I have a data.table (A) that is over 100,000 rows long. There are 3 columns.
chrom start end
1: chr1 6484847 6484896
2: chr1 6484896 6484945
3: chr1 6484945 6484994
4: chr1 6484994 6485043
5: chr1 6485043 6485092
---
183569: chrX 106893605 106893654
183570: chrX 106893654 106893703
183571: chrX 106893703 106893752
183572: chrX 106893752 106893801
183573: chrX 106893801 106894256
I'd like to generate a new column named "gene" that provides a label for each row based annotations from another data.table which has ~90 rows (B). Seen below:
chrom start end gene
1: chr1 6484847 6521004 ESPN
2: chr1 41249683 41306124 KCNQ4
3: chr1 55464616 55474465 BSND
42: chrX 82763268 82764775 POU3F4
43: chrX 100600643 100603957 TIMM8A
44: chrX 106871653 106894256 PRPS1
If the row start value in data.table A is within the row start and end values of data.table B I need the row in A to be labeled with the correct gene accordingly.
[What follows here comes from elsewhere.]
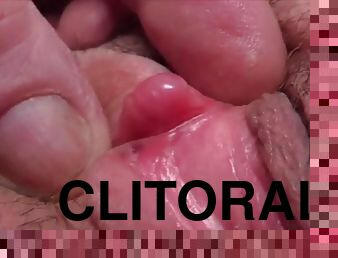 CLITORAL STIMULATION WITH A PULSE VACUUM TUBE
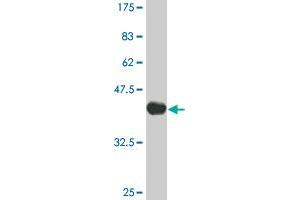 Western Blot detection against Immunogen (36. (IRAK2 anticorps  (AA 111-210))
For example the resulting complete data.table A would be
chrom start end gene
1: chr1 6484847 6484896 ESPN
2: chr1 6484896 6484945 ESPN
3: chr1 6484945 6484994 ESPN
4: chr1 6484994 6485043 ESPN
5: chr1 6485043 6485092 ESPN
---
183569: chrX 106893605 106893654 TIMM8A
183570: chrX 106893654 106893703 TIMM8A
183571: chrX 106893703 106893752 TIMM8A
183572: chrX 106893752 106893801 TIMM8A
183573: chrX 106893801 106894256 TIMM8A
I've attempted some nested loops to do this but that seems like it would take WAY too long. I think there must be a way to do this with the data.table package but I can't seem to figure it out.
Any and all suggestions would be greatly appreciated.